The gap between men and women’s saving pots grows dramatically with age and will result in women being considerably worse off in retirement, according to analysis by pension provider Aegon.
It found women aged 50 have on average only accrued half the pension savings of men, at £56,000 compared with £112,000 saved by men.
And the gap was found to be widening with age.
Women aged 30 would need to contribute an extra £21 a month to close the gap on men, but by age 50, this has risen to an extra £360 a month, according to Aegon.
This meant it pays to address any shortfall in savings as quickly as possible, the firm said.
Kate Smith, head of pensions at Aegon, said: “It’s shocking that 100 years after women secured the vote, we have a gender pay gap across every occupation.
“The fact that the pay gap filters down to mean women receive lower pension incomes is a double blow.”
She added: “When you factor in that women’s ability to save is further interrupted by breaks in their career to raise a family or care for elderly parents, the pension gap reaches epic proportions, making it difficult to catch up.”
The pensions gender gap
Average female pension fund
Average male pension savings
Additional monthly contribution required for women to catch up by age 65
£21.25 extra a month
£73.81 extra a month
£360.92 extra a month
Figures assume investment growth of 4.25% per annum after charges and contributions increase each year in line with inflation at 2.5%
Aegon questioned two thousand 18-65 year olds in December 2016.
It found half of women (49 per cent) were not confident about a comfortable retirement, compared with 33 per cent of men.
This was the result of a number of factors, including a gender pay gap and disrupted working patterns.
However, it’s not a lost cause, Aegon said, pointing to steps women could take to increase their chances of a secure retirement starting with forming a financial plan.
It found more than one in four (28 per cent) women did not know how much they’d saved, compared with a mere 9 per cent of men, which put them at a further disadvantage, Aegon said.

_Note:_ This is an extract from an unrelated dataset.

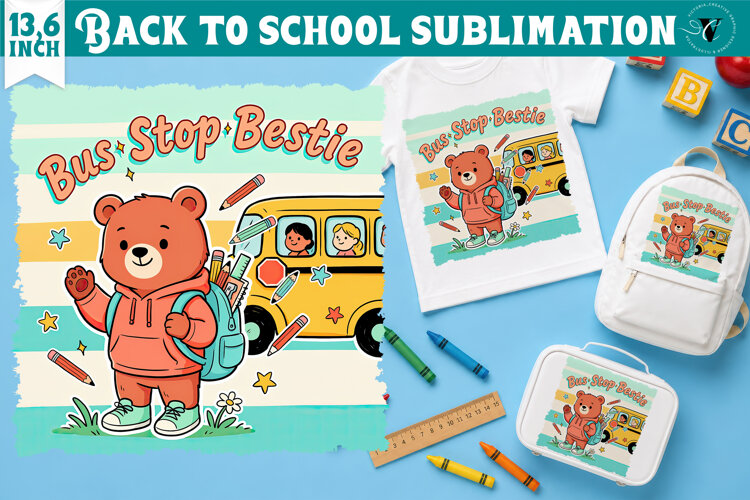 Back to School Sublimation | Cute Bear Classroom design example image 1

At the same time 42 per cent of women had never thought about how much they’ll need, creating a danger they would not save enough from the outset and will have to work longer or potentially run out of money in retirement.
Ms Smith said: “Gaps in pension savings history leave you worse off in retirement — but for women who take time out of their career this is unavoidable and could mean they have to work longer to make up the shortfall.
“However, the earlier women are able to address the shortfall, the better. Our figures show that women in the early part of their career are within touching distance of men’s overall savings – by the time pensions freedoms are an option, the pension pots of men are out of sight.”
Anna Sofat, founder of Addidi Wealth, called on the government had to act on equalising pensions.
She said: "The onus is on the government to think bigger."